Burien's Eugene Tabaka is a model citizen
Tue, 09/02/2008
PUBLISHER
(Editor's Note: This week Jerry explores the Dust Bowl, model living and soaring prices at the pump.)
Meet Eugene Tabaka
Born a farm boy in North Dakota 81 years ago, Eugene Tabaka grew up helping his dad bust 360 acres of buffalo grass sod to raise corn, wheat, flax and potatoes until prairie wind turned the state into a dust bowl. As early as age 5, Tabaka loved to ride between his dad's knees on a huge John Deere tractor.
It was a hard life living where the winter months were often 30 below. Tabaka's family survived the bitter cold by burning coal, which was plentiful and just a few inches below the sod. The coal could be dug up by a special plow pulled by the tractor.

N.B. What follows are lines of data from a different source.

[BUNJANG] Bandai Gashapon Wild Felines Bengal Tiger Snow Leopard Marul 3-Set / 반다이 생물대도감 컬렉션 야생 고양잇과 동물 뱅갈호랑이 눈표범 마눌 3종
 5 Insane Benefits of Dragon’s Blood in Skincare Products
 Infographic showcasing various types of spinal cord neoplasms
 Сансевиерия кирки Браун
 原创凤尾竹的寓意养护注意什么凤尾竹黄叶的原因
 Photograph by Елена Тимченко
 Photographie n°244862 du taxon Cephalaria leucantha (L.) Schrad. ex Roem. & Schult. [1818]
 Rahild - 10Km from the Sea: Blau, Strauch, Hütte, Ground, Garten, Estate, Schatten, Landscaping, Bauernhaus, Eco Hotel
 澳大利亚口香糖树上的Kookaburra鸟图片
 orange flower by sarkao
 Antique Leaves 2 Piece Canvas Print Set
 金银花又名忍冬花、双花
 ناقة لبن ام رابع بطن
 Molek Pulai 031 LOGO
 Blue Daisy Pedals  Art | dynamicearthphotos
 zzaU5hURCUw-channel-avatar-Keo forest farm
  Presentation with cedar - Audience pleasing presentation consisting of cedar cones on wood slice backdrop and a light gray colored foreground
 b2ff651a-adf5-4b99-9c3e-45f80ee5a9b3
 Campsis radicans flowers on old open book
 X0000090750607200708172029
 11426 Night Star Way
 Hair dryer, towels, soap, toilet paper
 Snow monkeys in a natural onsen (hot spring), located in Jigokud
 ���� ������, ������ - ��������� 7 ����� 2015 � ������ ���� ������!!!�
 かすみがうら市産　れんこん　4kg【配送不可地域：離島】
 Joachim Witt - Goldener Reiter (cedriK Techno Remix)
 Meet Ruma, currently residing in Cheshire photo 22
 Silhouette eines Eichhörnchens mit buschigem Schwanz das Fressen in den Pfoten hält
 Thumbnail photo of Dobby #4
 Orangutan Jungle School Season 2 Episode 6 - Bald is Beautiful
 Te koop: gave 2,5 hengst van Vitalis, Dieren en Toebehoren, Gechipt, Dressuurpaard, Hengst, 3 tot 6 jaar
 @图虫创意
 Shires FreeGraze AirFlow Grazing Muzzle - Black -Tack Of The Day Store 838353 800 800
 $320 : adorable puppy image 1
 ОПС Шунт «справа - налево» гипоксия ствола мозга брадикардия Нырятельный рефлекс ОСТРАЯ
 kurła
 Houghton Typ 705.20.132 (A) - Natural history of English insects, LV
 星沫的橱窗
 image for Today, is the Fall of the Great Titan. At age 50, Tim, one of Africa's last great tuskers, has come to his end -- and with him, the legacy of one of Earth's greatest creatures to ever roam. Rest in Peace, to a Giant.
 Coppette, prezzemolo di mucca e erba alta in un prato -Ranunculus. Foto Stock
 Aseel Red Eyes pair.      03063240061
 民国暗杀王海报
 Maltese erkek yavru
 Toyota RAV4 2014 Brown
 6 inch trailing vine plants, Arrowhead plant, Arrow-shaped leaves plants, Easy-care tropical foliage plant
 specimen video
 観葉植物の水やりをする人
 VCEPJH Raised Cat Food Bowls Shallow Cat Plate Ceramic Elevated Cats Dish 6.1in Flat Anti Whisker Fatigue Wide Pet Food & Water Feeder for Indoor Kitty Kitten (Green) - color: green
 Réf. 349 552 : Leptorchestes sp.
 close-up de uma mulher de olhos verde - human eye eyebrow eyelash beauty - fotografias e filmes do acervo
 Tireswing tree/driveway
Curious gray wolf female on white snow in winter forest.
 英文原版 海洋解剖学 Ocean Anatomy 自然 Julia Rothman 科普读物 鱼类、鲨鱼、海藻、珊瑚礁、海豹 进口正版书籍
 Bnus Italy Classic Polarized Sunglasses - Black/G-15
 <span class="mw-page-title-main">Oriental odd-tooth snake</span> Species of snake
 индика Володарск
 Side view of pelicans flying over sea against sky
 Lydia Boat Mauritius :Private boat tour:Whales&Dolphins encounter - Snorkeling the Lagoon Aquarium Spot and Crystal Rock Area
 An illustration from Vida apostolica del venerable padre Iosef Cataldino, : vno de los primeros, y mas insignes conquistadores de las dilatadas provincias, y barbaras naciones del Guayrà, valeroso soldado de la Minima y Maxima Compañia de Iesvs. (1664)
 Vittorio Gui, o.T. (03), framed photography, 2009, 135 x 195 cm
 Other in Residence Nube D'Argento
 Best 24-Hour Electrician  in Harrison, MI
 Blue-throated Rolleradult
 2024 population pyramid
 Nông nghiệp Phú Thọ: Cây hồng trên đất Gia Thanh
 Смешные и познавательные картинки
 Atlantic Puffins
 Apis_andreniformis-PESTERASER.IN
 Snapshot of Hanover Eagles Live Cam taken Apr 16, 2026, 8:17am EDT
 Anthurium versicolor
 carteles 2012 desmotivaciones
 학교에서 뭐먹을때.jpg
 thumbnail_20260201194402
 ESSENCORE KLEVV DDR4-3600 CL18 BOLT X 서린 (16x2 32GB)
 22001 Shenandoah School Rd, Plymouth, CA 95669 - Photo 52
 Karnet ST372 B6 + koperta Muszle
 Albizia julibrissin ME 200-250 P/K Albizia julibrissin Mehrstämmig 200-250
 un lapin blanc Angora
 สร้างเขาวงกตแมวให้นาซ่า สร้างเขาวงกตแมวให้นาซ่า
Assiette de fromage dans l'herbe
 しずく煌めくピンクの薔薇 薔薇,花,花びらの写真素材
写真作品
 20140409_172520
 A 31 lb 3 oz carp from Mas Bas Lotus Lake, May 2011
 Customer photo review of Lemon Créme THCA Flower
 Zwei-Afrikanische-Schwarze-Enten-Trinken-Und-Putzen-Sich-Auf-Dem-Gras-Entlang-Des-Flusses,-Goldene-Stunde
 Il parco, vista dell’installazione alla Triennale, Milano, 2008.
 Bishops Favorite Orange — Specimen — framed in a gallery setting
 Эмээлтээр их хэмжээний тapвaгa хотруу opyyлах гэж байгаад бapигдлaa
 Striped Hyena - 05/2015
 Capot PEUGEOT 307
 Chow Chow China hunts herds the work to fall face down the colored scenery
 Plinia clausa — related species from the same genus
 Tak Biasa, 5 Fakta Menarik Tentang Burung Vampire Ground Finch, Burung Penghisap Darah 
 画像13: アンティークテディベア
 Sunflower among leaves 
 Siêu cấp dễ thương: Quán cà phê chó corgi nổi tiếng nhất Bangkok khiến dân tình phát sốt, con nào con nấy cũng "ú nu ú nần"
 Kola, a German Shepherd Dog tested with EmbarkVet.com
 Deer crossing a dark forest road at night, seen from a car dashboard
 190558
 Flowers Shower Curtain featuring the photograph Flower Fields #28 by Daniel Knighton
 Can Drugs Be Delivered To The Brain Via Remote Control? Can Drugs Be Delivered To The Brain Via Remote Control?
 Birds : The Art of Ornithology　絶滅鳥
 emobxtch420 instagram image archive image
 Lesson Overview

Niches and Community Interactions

When the sod disappeared and the Midwest became the Dust Bowl, Tabaka's family, like thousands of others, came west to start a new life. Leaving his family behind for a year, Tabaka's dad rode the boxcars to Eugene. Ore., where a friend with five acres of timber hired him to fell the trees on the property and buck it up for firewood for 25 cents a cord. Working alone he cleared the whole five acres.
Although Eugene Tabaka was only 5 when he and his Mom got to Oregon, he had to help his dad on one end of a misery whip, which is an eight-foot crosscut saw with handles on each end. It is aptly named. I asked if kids teased him about his last name. He said he was known as Cut Plug (a famous brand of chewing tobacco) throughout his school days.
Joining the Navy in 1943 at age 16 Tabaka never got to Japan or Europe but served the war years as a motor machinist mate in the engine room aboard a seagoing tug based in Pearl Harbor in the service of our warships.
How did Tabaka wind up building 192 model battleships, submarines, tanks, bombers and fighter planes of all nations plus collecting scores of hats, caps, banners and mementos of Navy memorabilia? He is not quite sure, but it seemed like a good idea at the time.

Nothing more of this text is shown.